Gramatik has long enjoyed status within electro hip-hop as a producer who adheres to certain tenants of classic Hip-hop in that his beats, and furthermore tracks, were more the productions of one man with a sampler and pad bank. Producers have always more akin to composers, while the DJ’s have become the “band member” side of electronic music. While electronic shows may lack a certain live element, anyone who knows the best of Gramatik is looking for production quality more than show quality. As such, we can forgive his shortcomings as a DJ and find his live guitarist largely superfluous. I scratch my head in the crowd when I hear the stems of guitar hooks left in the track, falling right where I’d have them and they are followed by the excessive arpeggios from live guitar. This is similar to how he handles the collaborators on the album. He could put everything together himself, but instead chooses to cut his track out, and let someone drop a riff over it. In the same fashion, Collaborators riff all over Age of Reason.

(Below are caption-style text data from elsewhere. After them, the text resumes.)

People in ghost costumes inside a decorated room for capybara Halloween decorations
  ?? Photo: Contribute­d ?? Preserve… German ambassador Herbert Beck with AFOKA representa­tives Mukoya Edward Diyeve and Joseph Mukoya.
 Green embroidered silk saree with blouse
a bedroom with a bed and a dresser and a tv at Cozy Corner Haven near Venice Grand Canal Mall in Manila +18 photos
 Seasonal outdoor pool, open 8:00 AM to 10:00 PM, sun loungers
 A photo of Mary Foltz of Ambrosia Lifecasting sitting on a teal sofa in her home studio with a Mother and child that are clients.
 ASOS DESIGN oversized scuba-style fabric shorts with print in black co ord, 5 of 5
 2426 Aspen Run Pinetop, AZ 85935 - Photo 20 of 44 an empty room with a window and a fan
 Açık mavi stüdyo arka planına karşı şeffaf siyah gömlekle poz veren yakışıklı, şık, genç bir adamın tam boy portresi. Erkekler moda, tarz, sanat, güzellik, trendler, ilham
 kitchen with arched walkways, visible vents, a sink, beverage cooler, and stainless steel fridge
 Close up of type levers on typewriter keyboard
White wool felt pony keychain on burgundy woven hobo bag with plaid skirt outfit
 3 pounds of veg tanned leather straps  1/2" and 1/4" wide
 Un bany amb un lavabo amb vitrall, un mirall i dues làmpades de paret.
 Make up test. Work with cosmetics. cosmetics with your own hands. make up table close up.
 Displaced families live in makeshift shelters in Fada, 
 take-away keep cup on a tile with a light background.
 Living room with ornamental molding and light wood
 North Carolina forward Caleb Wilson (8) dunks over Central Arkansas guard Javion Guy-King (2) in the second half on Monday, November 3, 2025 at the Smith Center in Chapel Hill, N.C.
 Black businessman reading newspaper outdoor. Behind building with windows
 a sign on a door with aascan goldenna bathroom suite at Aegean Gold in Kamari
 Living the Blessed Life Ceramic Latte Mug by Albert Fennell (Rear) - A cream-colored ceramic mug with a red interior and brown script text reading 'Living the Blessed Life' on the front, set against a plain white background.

Overall, Age of Reason, is quite an indecisive album by Gramatik, a man moving in all directions at once; exceeding in most of his more personal experimental forays but losing quality when he incorporates others. Perhaps the fractured nature of Age of Reason can be attributed to the demands of the new electronic scene with an identity crisis, a scene that now encompasses everyone from hippies to ravers, and hip-hop heads. Any listener from this broad listening landscape will find something they like on Age of Reason, its true, but the eclectic, divided assemblage that is the album makes it hard for one to feel 100% on it, unless you approach holding no personal taste, or as a “fanboy”, two equally silly stances to take, as neither could be called a stance at all.
Electronic music is the only art form that has given me unrelenting hope for the survival of our species. I study criticism in the north country and track the scene in an effort to put to words the familiar feelings that escape most of us and are reduced to terms of “awesomeness.”